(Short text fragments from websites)
****************

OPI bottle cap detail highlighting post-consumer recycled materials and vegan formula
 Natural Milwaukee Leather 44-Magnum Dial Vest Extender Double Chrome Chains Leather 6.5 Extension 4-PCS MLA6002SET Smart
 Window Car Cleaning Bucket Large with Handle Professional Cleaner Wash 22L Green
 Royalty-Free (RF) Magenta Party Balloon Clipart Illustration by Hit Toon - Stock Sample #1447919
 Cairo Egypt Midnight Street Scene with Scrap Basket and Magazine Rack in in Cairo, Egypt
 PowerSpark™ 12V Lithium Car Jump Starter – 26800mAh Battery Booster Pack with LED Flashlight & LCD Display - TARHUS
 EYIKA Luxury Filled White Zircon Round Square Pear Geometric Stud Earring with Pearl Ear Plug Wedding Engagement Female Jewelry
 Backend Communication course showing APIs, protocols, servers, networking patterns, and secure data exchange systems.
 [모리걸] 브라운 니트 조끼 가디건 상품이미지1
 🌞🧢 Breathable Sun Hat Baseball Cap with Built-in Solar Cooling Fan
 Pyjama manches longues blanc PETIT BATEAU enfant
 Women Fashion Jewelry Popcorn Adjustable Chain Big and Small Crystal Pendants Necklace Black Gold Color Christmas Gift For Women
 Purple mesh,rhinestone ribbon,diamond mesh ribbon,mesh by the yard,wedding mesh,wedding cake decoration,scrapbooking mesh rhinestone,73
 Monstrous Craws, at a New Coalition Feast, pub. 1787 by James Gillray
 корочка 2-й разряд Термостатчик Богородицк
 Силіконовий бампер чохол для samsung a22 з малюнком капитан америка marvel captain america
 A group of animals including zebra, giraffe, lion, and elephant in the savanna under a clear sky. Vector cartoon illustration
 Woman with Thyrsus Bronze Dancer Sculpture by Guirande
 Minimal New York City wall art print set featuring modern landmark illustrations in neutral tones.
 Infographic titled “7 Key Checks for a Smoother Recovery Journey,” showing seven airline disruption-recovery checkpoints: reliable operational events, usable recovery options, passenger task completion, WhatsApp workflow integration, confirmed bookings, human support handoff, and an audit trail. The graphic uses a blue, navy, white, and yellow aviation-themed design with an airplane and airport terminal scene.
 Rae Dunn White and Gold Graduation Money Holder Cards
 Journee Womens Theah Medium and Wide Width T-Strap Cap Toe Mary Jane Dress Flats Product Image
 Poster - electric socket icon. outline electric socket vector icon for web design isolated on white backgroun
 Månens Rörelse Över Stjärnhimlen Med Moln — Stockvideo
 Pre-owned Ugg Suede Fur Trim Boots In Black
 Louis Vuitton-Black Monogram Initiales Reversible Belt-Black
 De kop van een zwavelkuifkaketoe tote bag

****************

» Assignment: Scan the records for lines that hold "Gold", and reproduce each one you find.

» Exercise response:
 Women Fashion Jewelry Popcorn Adjustable Chain Big and Small Crystal Pendants Necklace Black Gold Color Christmas Gift For Women
 Rae Dunn White and Gold Graduation Money Holder Cards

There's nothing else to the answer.